Data excerpt
──────
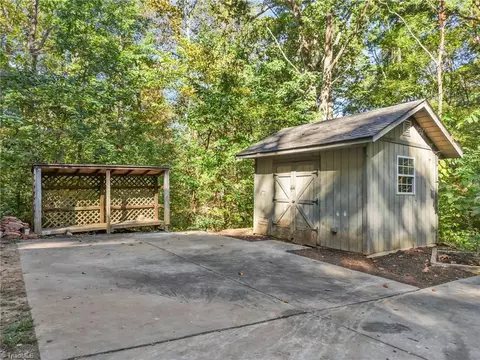 Exterior - 104 Max Moore Rd, Thomasville, NC 27360 photo 5 of 7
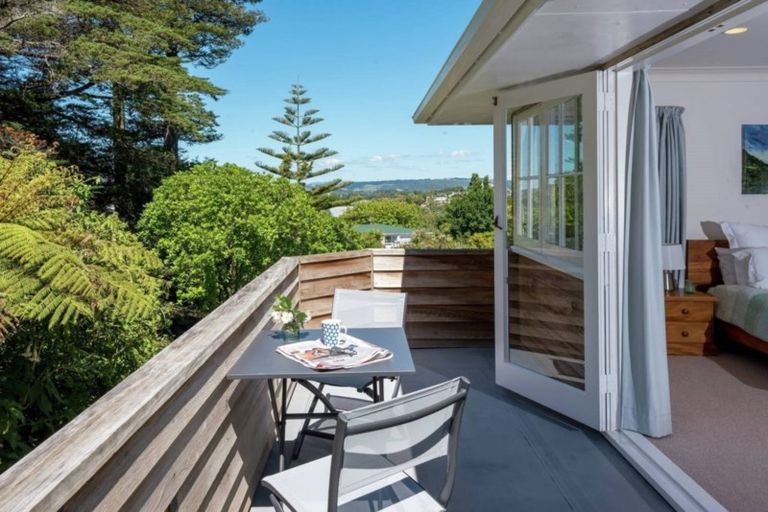 Photo of property in 13 Fenton Terrace, Cockle Bay, Auckland, 2014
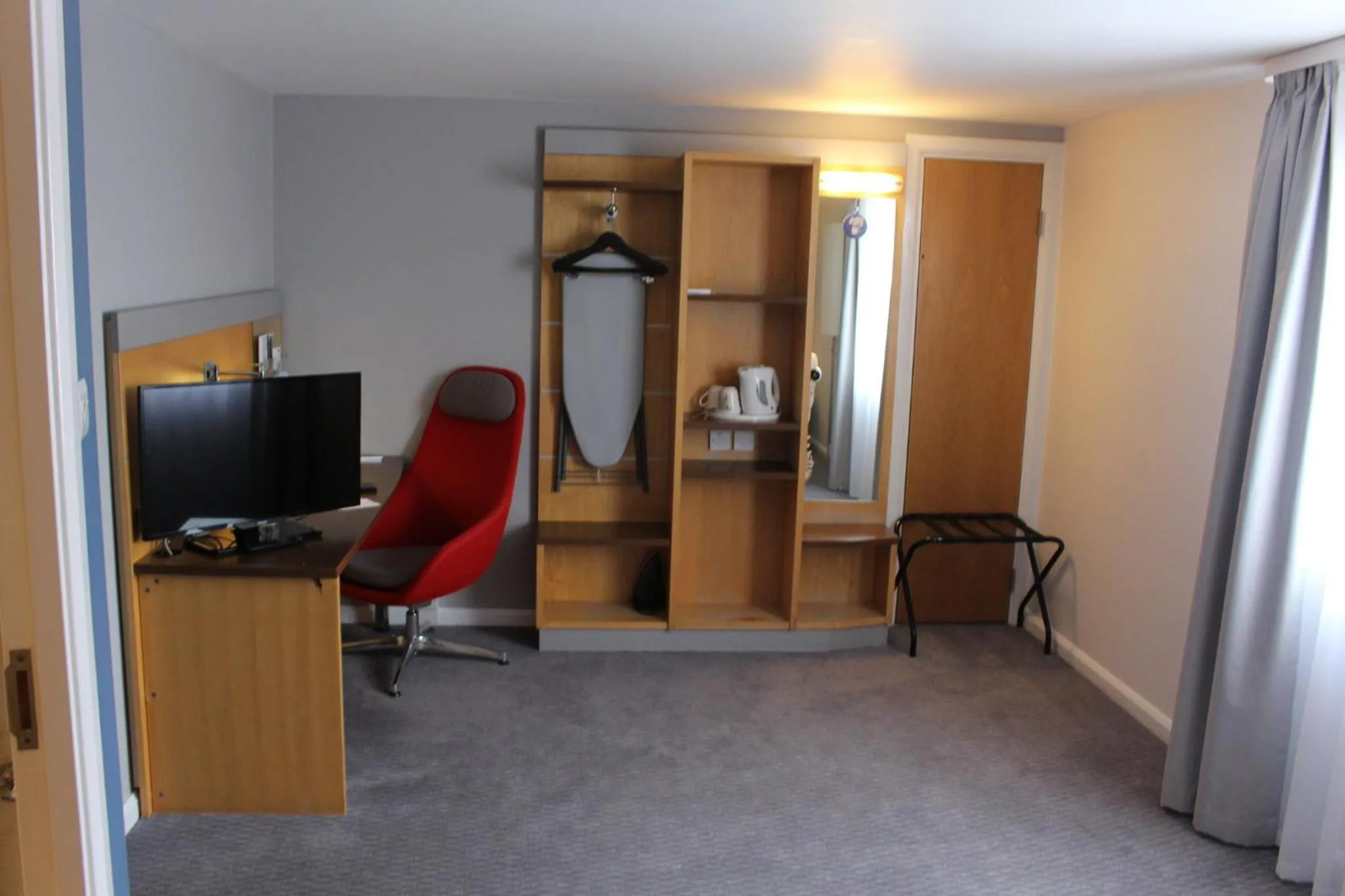 Photo of the whole room in Holiday Inn Express London Croydon by IHG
──────
Exercise directions
Return the whole of the material above exactly, with no picture carried over.

Exercise solution
 Exterior - 104 Max Moore Rd, Thomasville, NC 27360 photo 5 of 7
 Photo of property in 13 Fenton Terrace, Cockle Bay, Auckland, 2014
 Photo of the whole room in Holiday Inn Express London Croydon by IHG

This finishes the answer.